This is due to the new Group column for Bayesian models, which doesn't work nicely with insight::print_parameters(). I think we can just remove the special class for Bayesian models and treat it like any other model (regarding formatting/printing). I'm testing this in PR #825 - you can install from that PR and test some models for yourself and report any issues, if you like.

strengejacke commented 1 year ago

Current state of the PR:

library(parameters)
library(brms)
library(lme4)

data(sleepstudy)
model1 <- lmer(Sepal.Width ~ Petal.Length + (1 | Species), data = iris)
model_parameters(model1, effects = "all")
#> # Fixed Effects
#> 
#> Parameter    | Coefficient |   SE |       95% CI | t(146) |      p
#> ------------------------------------------------------------------
#> (Intercept)  |        2.00 | 0.56 | [0.89, 3.11] |   3.56 | < .001
#> Petal Length |        0.28 | 0.06 | [0.16, 0.40] |   4.75 | < .001
#> 
#> # Random Effects
#> 
#> Parameter               | Coefficient |   SE |       95% CI
#> -----------------------------------------------------------
#> SD (Intercept: Species) |        0.89 | 0.46 | [0.33, 2.43]
#> SD (Residual)           |        0.32 | 0.02 | [0.28, 0.35]
#> 
#> Uncertainty intervals (equal-tailed) and p-values (two-tailed) computed
#>   using a Wald t-distribution approximation. Uncertainty intervals for
#>   random effect variances computed using a Wald z-distribution
#>   approximation.

model2 <- suppressWarnings(brm(Sepal.Width ~ Petal.Length + (1 | Species), data = iris, refresh = 0))
model_parameters(model2, effects = "all")
#> # Fixed Effects
#> 
#> Parameter    | Median |       95% CI |     pd |  Rhat |     ESS
#> ---------------------------------------------------------------
#> (Intercept)  |   1.99 | [0.48, 3.55] | 98.98% | 1.009 |  825.00
#> Petal.Length |   0.28 | [0.16, 0.41] |   100% | 1.002 | 1924.00
#> 
#> # Sigma
#> 
#> Parameter | Median |       95% CI |   pd |  Rhat |     ESS
#> ----------------------------------------------------------
#> sigma     |   0.32 | [0.28, 0.36] | 100% | 1.003 | 2188.00
#> 
#> # Random Effects Variances
#> 
#> Parameter               | Median |       95% CI |   pd |  Rhat |     ESS
#> ------------------------------------------------------------------------
#> SD (Intercept: Species) |   1.21 | [0.49, 3.48] | 100% | 1.003 | 1113.00
#> 
#> Uncertainty intervals (equal-tailed) and p-values (two-tailed) computed
#>   using a MCMC distribution approximation.

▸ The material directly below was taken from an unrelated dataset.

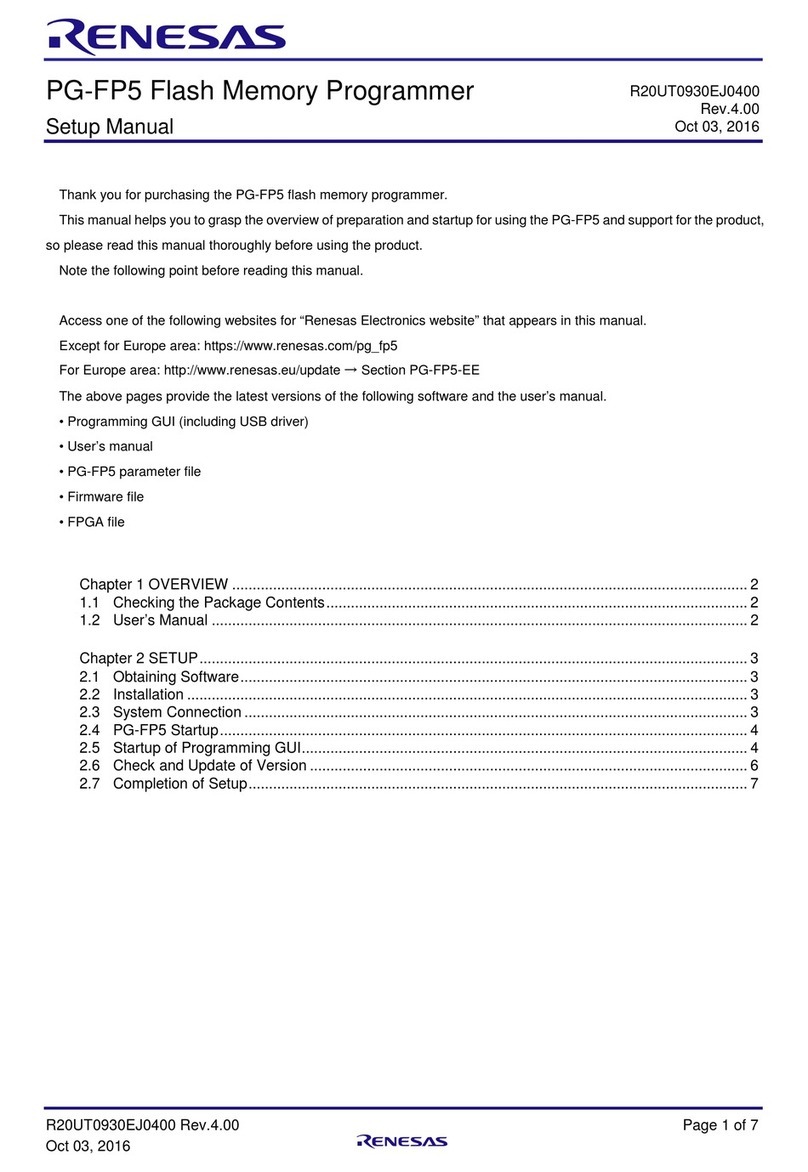 Renesas PG-FP5 Setup manual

model3 <- lmer(Reaction ~ Days + (1 + Days | Subject), data = sleepstudy)
model_parameters(model3, effects = "all")
#> # Fixed Effects
#> 
#> Parameter   | Coefficient |   SE |           95% CI | t(174) |      p
#> ---------------------------------------------------------------------
#> (Intercept) |      251.41 | 6.82 | [237.94, 264.87] |  36.84 | < .001
#> Days        |       10.47 | 1.55 | [  7.42,  13.52] |   6.77 | < .001
#> 
#> # Random Effects
#> 
#> Parameter                     | Coefficient |   SE |         95% CI
#> -------------------------------------------------------------------
#> SD (Intercept: Subject)       |       24.74 | 5.84 | [15.58, 39.28]
#> SD (Days: Subject)            |        5.92 | 1.25 | [ 3.92,  8.95]
#> Cor (Intercept~Days: Subject) |        0.07 | 0.32 | [-0.51,  0.60]
#> SD (Residual)                 |       25.59 | 1.51 | [22.80, 28.72]
#> 
#> Uncertainty intervals (equal-tailed) and p-values (two-tailed) computed
#>   using a Wald t-distribution approximation. Uncertainty intervals for
#>   random effect variances computed using a Wald z-distribution
#>   approximation.

model4 <- suppressWarnings(brm(Reaction ~ Days + (1 + Days | Subject), data = sleepstudy, refresh = 0))
model_parameters(model4, effects = "all")
#> # Fixed Effects
#> 
#> Parameter   | Median |           95% CI |   pd |  Rhat |     ESS
#> ----------------------------------------------------------------
#> (Intercept) | 251.13 | [237.02, 264.93] | 100% | 1.001 | 2051.00
#> Days        |  10.44 | [  7.17,  13.81] | 100% | 1.002 | 1611.00
#> 
#> # Sigma
#> 
#> Parameter | Median |         95% CI |   pd |  Rhat |     ESS
#> ------------------------------------------------------------
#> sigma     |  25.80 | [23.09, 29.36] | 100% | 1.002 | 3269.00
#> 
#> # Random Effects Variances
#> 
#> Parameter                     | Median |         95% CI |     pd |  Rhat |     ESS
#> ----------------------------------------------------------------------------------
#> SD (Intercept: Subject)       |  25.90 | [15.34, 41.58] |   100% | 1.001 | 1667.00
#> SD (Days: Subject)            |   6.32 | [ 4.06, 10.01] |   100% | 1.002 | 1592.00
#> Cor (Intercept~Days: Subject) |   0.10 | [-0.47,  0.70] | 62.75% | 1.001 | 1032.00
#> 
#> Uncertainty intervals (equal-tailed) and p-values (two-tailed) computed
#>   using a MCMC distribution approximation.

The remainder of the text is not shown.